───── DATA RECORDS ─────

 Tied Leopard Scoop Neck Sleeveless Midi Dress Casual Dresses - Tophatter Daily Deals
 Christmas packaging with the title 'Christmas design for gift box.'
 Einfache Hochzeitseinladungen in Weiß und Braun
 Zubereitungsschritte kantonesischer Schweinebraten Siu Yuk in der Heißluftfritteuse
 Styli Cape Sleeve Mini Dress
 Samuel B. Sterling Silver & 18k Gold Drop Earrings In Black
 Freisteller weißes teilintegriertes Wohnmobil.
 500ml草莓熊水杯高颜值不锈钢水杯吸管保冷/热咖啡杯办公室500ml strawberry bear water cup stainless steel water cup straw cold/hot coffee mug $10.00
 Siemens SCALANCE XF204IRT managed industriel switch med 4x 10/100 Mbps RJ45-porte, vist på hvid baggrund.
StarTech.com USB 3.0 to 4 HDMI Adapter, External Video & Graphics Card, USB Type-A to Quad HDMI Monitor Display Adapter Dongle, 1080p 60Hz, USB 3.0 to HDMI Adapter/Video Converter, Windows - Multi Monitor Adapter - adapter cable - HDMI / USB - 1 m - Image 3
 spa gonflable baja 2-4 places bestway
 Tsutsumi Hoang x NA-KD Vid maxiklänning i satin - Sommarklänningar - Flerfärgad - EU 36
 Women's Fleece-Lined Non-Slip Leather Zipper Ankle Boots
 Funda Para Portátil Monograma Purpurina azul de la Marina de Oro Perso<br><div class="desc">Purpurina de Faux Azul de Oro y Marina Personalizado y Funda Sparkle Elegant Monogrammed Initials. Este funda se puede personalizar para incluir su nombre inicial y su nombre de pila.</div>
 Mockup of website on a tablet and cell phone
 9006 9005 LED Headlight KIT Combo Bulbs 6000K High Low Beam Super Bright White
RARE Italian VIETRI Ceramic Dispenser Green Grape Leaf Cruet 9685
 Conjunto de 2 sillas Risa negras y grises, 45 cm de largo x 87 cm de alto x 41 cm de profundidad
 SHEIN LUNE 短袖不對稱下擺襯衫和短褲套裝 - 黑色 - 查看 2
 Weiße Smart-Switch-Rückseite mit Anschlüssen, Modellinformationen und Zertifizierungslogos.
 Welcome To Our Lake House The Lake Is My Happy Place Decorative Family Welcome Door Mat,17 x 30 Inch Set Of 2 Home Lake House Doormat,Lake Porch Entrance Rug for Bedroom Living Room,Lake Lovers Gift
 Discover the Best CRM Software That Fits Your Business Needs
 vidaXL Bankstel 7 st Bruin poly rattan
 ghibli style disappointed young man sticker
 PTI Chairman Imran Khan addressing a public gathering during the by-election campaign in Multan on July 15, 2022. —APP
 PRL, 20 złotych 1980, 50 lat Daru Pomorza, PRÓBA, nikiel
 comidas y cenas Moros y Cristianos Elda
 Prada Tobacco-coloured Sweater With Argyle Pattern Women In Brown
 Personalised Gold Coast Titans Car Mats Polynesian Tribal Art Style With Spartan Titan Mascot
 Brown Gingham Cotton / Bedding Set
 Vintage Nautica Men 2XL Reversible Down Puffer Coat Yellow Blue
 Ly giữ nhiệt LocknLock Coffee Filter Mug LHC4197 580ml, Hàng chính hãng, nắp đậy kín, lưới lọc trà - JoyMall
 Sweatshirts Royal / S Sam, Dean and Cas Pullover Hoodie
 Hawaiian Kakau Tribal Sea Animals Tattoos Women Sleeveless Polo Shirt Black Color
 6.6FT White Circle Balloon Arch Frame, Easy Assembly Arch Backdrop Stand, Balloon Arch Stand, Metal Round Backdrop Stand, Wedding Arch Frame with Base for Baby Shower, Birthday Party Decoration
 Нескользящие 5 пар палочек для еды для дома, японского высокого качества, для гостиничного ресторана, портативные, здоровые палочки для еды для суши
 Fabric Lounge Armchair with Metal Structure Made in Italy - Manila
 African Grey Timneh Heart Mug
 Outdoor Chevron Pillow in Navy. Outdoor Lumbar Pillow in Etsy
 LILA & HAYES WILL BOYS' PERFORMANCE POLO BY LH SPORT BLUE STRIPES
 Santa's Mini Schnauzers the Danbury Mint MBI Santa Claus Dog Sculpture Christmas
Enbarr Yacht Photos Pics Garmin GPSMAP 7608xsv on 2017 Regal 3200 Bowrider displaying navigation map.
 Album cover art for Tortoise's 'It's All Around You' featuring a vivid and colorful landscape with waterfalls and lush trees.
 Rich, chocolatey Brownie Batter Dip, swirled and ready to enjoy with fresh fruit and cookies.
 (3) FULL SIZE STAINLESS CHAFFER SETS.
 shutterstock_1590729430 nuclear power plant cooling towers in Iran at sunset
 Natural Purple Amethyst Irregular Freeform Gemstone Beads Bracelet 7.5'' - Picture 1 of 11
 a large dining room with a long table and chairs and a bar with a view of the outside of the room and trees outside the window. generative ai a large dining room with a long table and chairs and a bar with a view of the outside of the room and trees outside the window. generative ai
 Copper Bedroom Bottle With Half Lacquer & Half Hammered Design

─────

_ACTIVITY_.
From the listing above, output exactly the run of lines that starts with the line containing "African Grey Timneh Heart Mug" and ends with the line containing "Rich, chocolatey Brownie".

_YOUR SOLUTION_.
 African Grey Timneh Heart Mug
 Outdoor Chevron Pillow in Navy. Outdoor Lumbar Pillow in Etsy
 LILA & HAYES WILL BOYS' PERFORMANCE POLO BY LH SPORT BLUE STRIPES
 Santa's Mini Schnauzers the Danbury Mint MBI Santa Claus Dog Sculpture Christmas
Enbarr Yacht Photos Pics Garmin GPSMAP 7608xsv on 2017 Regal 3200 Bowrider displaying navigation map.
 Album cover art for Tortoise's 'It's All Around You' featuring a vivid and colorful landscape with waterfalls and lush trees.
 Rich, chocolatey Brownie Batter Dip, swirled and ready to enjoy with fresh fruit and cookies.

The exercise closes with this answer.